Mr. Geo. H. Ingraham, who has recently opened an office at 6 Beacon Street, Boston, is now absent on a short European trip.
Mr. George E. Barton, for several years with Cram, Wentworth, & Goodhue, of Boston, has just started for a tour of England and France, with the special purpose of studying the domestic and church architecture of the smaller cities and towns.
Mr. C.H. Alden, who has lately returned from six months' travel, mostly in Italy, has made a careful study of the brick and terra-cotta architecture of Northern Italy. He has just entered the office of Messrs. Wyatt and Nölting, Baltimore.
Each year since the University of Pennsylvania Traveling Scholarship was founded, a prominent member of the T Square Club has been the winner; and that Mr. Percy Ash, ex-president of this club, should carry off the prize this year is particularly gratifying.
Mr. Ash has twice before competed, and each time came out a close second; but his old luck did not entirely forsake him, for in his venture for the Roman Scholarship Prize he was very near to the front, winning honorable mention.
H.L. Duhring, Jr., was a close second for the U. of P. Scholarship.
At the last regular T Square Club meeting, but two sets of drawings were submitted. The program called for a "Garden for a Palatial Country House," and required a plan of the house and terrace at 1/8" scale, and a plan and section of the entire garden at a scale of 1/32 of an inch.
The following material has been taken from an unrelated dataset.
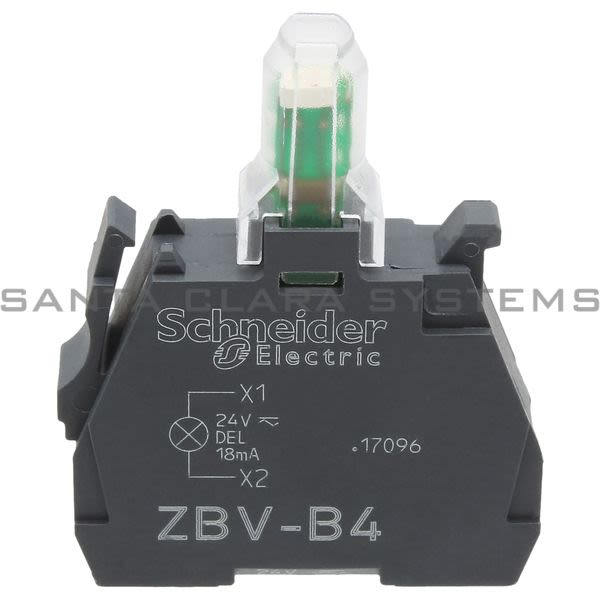 ZBVB4 Telemecanique In stock and ready to ship - Santa Clara Systems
The problem was modeled after the projet given at the Ecole des Beaux-Arts, and required so vast an amount of graded wash work in color, as to intimidate many of the regular competitors. A.C. Muñoz, who won first mention, submitted three drawings, two of them nearly three by four feet, while Albert Kelsey was disqualified for not having fulfilled the requirements by omiting the 1/8" scale plan.